As street trees die, cities search for ways to stay green
New Urban News Article with images and sidebars, 1/1/2005
Toronto, its tree cover rapidly thinning, is one city looking for solutions.
Toronto residents are upset. Through-out the 2.6-million population Ontario city and especially in its center, thousands of street trees are dying prematurely, many within a year or two of being planted. Public concern is so strong that last fall the government organized a conference in which 200 municipal personnel spent an entire day discussing the problem with tree experts from throughout North America.
Seen from the air, only about 16 percent of the “old” section of Toronto (the part developed before 1945) is under tree cover, down from 22 percent in 1992. And Toronto is not unusual. American Forests, a nonprofit conservation organization, has found that tree cover is declining in many North American urban areas.
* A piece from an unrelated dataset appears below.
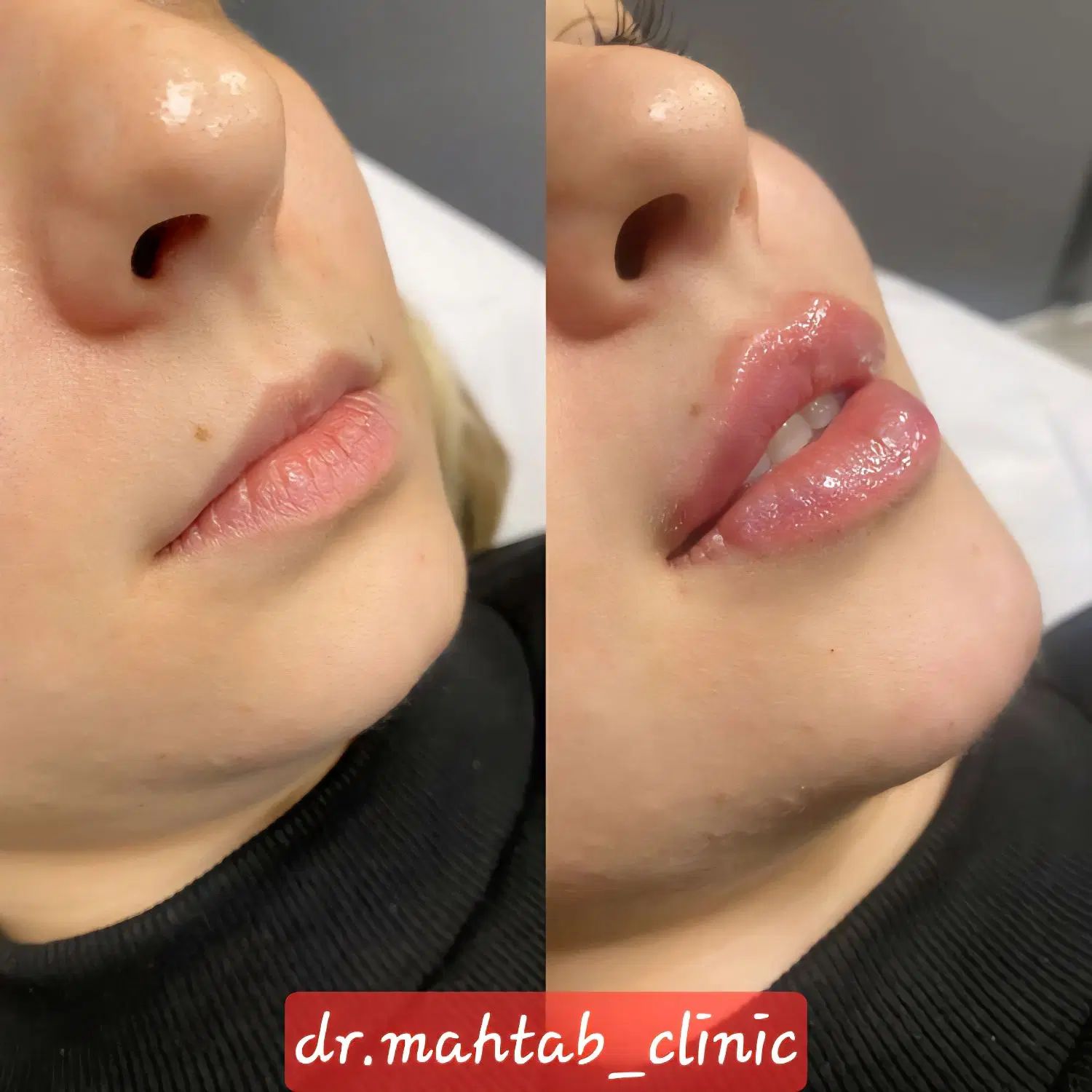 تخفیف ویژه فیلر لب و کانتورینگ|خدمات آرایشگری و زیبایی|کرج, کوی زنبق|دیوار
Based on satellite images of 40 US cities, American Forests reported in 2003 that “urban areas have 21 percent less tree canopy today than they did 10 years earlier.” Tree canopy covers only 12 percent of Buffalo and Lackawanna, New York. Trees shelter less than 20 percent of metropolitan San Diego. (At the other end of the spectrum, one of the lushest cities is Savannah, Georgia, where trees shelter more than 60 percent of the land and buildings.)